Whittemore was born in 1894, in Pembroke, New Hamphire, where he would later serve as town moderator for twenty-five years. After attending Pembroke Academy, he was employed by the Boston and Maine Railroad as a car shop laborer, eventually becoming assistant to the president. He left Boston and Maine Railroad in 1917 to become municipal accountant and assistant to the New Hampshire State Tax Commission. In 1929, he returned to Boston and Maine Railroad and then began working for Maine Central Railroad.
In 1944, Whittemore began his affiliation with the Boston Fed as a director. Two years later, he was elected president of the Bank. According to a 1948 Time magazine article, Whittemore "woke things up at the church-quiet Federal Reserve Bank by providing piped-in music." He was known for his legendary dry wit and inexhaustible supply of anecdotes.
Whittemore spent less than three years as the Boston Fed's president, resigning in 1948 to become president of the New York, New Haven, and Hartford Railroad.

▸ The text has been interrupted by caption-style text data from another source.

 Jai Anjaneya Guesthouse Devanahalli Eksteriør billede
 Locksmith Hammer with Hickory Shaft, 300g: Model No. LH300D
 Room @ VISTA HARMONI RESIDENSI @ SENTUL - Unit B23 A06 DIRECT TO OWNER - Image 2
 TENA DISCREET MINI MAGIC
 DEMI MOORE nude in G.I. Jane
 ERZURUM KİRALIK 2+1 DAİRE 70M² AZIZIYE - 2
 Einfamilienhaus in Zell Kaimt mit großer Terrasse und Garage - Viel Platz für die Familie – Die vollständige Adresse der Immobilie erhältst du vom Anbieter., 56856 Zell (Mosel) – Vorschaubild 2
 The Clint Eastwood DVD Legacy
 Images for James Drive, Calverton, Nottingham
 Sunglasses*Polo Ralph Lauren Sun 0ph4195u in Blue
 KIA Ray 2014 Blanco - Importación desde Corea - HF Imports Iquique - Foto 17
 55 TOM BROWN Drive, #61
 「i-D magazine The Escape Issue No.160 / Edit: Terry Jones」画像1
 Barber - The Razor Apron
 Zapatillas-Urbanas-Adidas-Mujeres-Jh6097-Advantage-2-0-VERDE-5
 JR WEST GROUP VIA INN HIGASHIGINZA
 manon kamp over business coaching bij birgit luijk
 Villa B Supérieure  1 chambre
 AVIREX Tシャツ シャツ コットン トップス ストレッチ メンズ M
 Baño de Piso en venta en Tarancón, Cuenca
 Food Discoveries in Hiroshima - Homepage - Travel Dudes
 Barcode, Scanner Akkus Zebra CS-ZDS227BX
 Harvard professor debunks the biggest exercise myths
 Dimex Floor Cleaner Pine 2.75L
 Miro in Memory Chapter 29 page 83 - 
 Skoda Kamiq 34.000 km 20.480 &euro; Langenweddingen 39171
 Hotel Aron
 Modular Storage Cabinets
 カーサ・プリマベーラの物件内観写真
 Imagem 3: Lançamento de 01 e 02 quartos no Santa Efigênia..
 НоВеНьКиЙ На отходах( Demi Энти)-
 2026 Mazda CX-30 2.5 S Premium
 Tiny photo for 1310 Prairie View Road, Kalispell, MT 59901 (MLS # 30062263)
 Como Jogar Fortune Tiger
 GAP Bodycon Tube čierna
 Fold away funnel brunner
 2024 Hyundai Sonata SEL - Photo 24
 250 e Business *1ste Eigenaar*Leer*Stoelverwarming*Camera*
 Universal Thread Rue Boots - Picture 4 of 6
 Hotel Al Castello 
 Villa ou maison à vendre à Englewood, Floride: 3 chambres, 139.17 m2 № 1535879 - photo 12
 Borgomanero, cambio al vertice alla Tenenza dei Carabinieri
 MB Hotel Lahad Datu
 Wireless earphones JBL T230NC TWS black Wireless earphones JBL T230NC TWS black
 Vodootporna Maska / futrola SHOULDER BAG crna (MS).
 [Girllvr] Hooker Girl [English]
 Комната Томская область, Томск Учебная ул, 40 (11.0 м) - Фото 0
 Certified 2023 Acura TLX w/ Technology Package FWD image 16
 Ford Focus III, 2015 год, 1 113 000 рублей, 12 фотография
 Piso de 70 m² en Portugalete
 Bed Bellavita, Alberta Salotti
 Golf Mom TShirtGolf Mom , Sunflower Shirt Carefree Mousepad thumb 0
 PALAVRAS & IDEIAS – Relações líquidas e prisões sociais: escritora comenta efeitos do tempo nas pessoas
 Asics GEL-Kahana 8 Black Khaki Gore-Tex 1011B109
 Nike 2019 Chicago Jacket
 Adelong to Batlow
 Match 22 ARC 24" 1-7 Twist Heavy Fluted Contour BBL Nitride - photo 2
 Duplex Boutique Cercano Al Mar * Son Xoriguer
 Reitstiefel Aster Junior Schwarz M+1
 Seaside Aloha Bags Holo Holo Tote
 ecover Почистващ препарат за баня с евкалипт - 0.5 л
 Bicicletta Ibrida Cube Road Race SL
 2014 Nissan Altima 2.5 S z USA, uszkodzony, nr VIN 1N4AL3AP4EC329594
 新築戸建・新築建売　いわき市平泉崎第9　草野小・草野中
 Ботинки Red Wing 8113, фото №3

He then took over the Brown Company, a paper and pulp manufacturer in New Hampshire.
In the 1950s, President Eisenhower selected Whittemore as special envoy to the General Agreement on Tariffs and Trade as well as the President’s Commission for Education. Education was a particular interest of Whittemore’s, and he served as a trustee for several schools and colleges including the University of New Hampshire. As a great booster of the New England region, he also served as secretary of the New England Council.
Whittemore died in 1960, in Concord, New Hampshire. He was eulogized by the state's governor as "Mr. New England." He married Evelyn Fulford and had three children.